- Your task: Which lines in the data contain the word "Paperback"? Please copy each of them.

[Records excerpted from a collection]
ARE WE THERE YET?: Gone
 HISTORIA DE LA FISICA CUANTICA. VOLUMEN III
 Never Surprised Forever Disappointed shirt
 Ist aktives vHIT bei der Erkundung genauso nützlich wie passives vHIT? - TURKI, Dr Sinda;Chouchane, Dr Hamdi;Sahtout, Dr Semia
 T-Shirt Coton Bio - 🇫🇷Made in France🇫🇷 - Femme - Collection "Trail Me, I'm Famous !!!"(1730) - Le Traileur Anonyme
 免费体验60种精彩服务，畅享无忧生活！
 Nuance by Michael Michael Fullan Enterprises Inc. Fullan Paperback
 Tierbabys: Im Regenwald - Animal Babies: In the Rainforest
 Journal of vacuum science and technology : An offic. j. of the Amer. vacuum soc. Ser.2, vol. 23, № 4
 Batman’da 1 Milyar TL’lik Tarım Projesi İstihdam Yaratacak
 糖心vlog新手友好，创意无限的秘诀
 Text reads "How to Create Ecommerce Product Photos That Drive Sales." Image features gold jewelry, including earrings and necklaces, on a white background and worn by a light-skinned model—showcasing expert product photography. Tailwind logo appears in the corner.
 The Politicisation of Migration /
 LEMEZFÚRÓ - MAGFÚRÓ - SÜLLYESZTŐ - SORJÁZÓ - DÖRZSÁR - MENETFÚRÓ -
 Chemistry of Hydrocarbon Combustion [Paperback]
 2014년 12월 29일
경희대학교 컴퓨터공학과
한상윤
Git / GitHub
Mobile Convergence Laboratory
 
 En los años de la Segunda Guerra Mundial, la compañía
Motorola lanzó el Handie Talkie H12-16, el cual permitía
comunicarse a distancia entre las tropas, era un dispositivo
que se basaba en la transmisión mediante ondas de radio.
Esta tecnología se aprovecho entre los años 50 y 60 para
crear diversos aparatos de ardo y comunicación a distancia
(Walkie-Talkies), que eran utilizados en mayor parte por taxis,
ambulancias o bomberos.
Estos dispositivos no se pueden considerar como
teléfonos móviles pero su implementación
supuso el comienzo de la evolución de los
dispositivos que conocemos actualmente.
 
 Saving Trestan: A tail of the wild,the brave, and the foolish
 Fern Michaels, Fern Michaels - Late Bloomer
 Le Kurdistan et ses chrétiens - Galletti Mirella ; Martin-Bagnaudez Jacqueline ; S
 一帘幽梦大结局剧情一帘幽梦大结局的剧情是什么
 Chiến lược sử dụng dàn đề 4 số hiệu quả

- Solution for this problem:
 Nuance by Michael Michael Fullan Enterprises Inc. Fullan Paperback
 Chemistry of Hydrocarbon Combustion [Paperback]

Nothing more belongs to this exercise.